▸ Problem details: Omit every picture, then give all the entries again exactly.

▸ Source material:
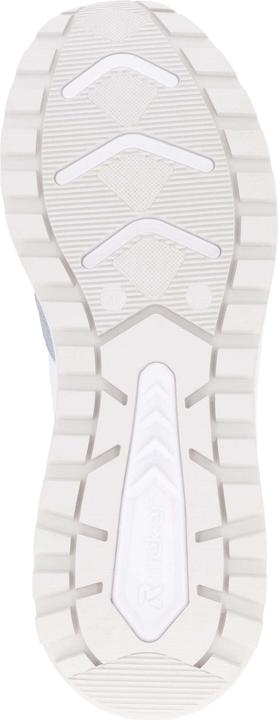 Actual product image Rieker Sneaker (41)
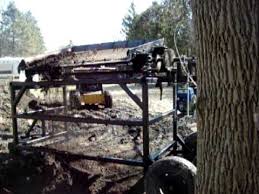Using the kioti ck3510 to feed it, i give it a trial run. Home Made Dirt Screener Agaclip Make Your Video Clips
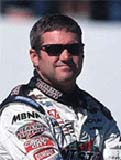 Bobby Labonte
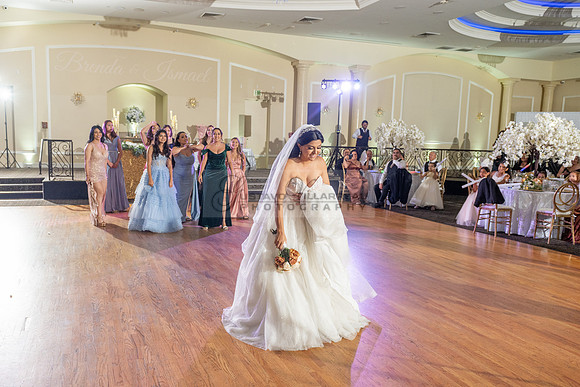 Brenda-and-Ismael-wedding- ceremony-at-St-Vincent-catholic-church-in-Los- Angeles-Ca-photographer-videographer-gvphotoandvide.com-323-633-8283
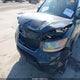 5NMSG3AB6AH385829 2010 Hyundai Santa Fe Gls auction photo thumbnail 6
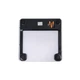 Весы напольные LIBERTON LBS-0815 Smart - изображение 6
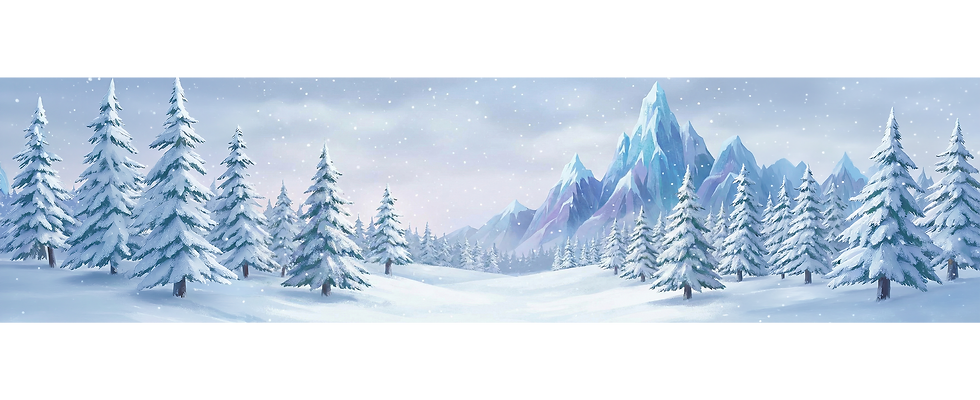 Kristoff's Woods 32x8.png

▸ Response:
 Actual product image Rieker Sneaker (41)
Using the kioti ck3510 to feed it, i give it a trial run. Home Made Dirt Screener Agaclip Make Your Video Clips
 Bobby Labonte
 Brenda-and-Ismael-wedding- ceremony-at-St-Vincent-catholic-church-in-Los- Angeles-Ca-photographer-videographer-gvphotoandvide.com-323-633-8283
 5NMSG3AB6AH385829 2010 Hyundai Santa Fe Gls auction photo thumbnail 6
 Весы напольные LIBERTON LBS-0815 Smart - изображение 6
 Kristoff's Woods 32x8.png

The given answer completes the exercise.